Former Service NSW chief executive Damon Rees will lead the federal government’s independent review of the modernising business registers program, which Treasury estimates will cost $1 billion more than was budgeted by the Coalition.
Mr Rees will conduct the four-month health check of the project aimed at consolidating the country’s legacy business registers in order to determine whether design or technology changes will be needed.
The review was triggered after Treasury informed the Albanese government that the project budgeted as $500-odd million would cost $1 billion more to complete, leading Assistant Treasurer Stephen Jones to accuse the Coalition of hiding a blow-out.
At $1.5 billion, the modernising business registers (MBR) program is significantly more than the “somewhat more” than $100 million then-finance minister Mathias Cormann estimated when the project was first flagged in 2017.
The project is also behind schedule, with the government moving legislation in July to give the Australian Taxation Office another four years to complete works.
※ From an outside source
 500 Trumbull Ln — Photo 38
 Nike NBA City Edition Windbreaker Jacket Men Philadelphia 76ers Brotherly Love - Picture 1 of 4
Mr Rees, who will be assisted by a secretariate of staff from Treasury and the Digital Transformation Agency, has more than 25 years’ experience in digital across both the public and private sectors.
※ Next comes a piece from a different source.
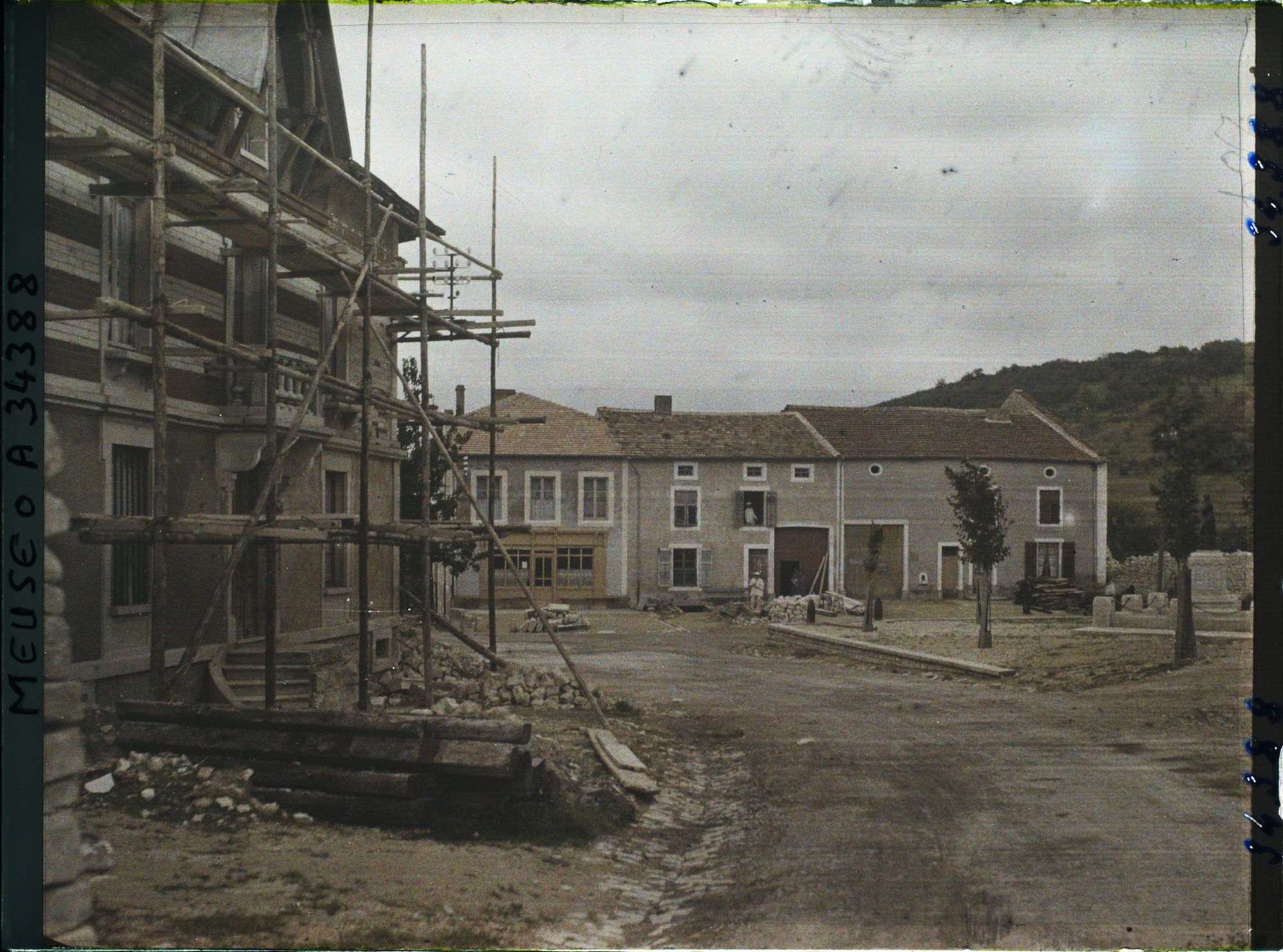 Image représentant France, St Maurice Sous les Côtes, Reconstructions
He left the NSW public service after five years at the helm of New South Wales’ one-stop shop for digital services in December to establish business consulting firm Better As Usual.
At Services NSW, Mr Rees oversaw the launch of the bulk of front-facing digital services envisaged by outgoing Digital Government minister Victor Dominello, including the digital driver’s licence.
He has also chalked up stints as the NSW government’s chief information and digital officer, Macquarie Group’s chief digital officer and Woolworth’s acting chief information officer.
Announcing the appointment, Mr Jones said “Mr Rees brings considerable expertise in driving complex, digitally enabled transformation to the review”, which will ensure “core national economic infrastructure is delivered within a reasonable timeframe and budget”.
According to the terms of reference for the review, possible strategies to migrate significant risks to the program also now include “appropriate revisions to the scope of the program’s deliverables”.
The MBR program is replacing the 32 business registers, including the 30-year-old Australian Business Register, with a single platform to be run by Australian Business Registry Services.
The former Coalition government allocated more than $500 million to the project over six years, including $60.6 million in the 2019-20 Budget and $419.9 million in the 2020-21 Budget.
Around half of the funding allocated to the project during the Coalition’s term has been spent with consulting giant Accenture – which landed more than $200 million for its work – and Foster Moore.
Following the election, the Albanese government was told by Treasury the project was “not properly resourced” and would now likely come in at $1.5 billion.
The government subsequently provided funding of $166 million in the October Budget to sustain the project until 2025.
A final report with recommendations is expected to be provided to government by the end of June.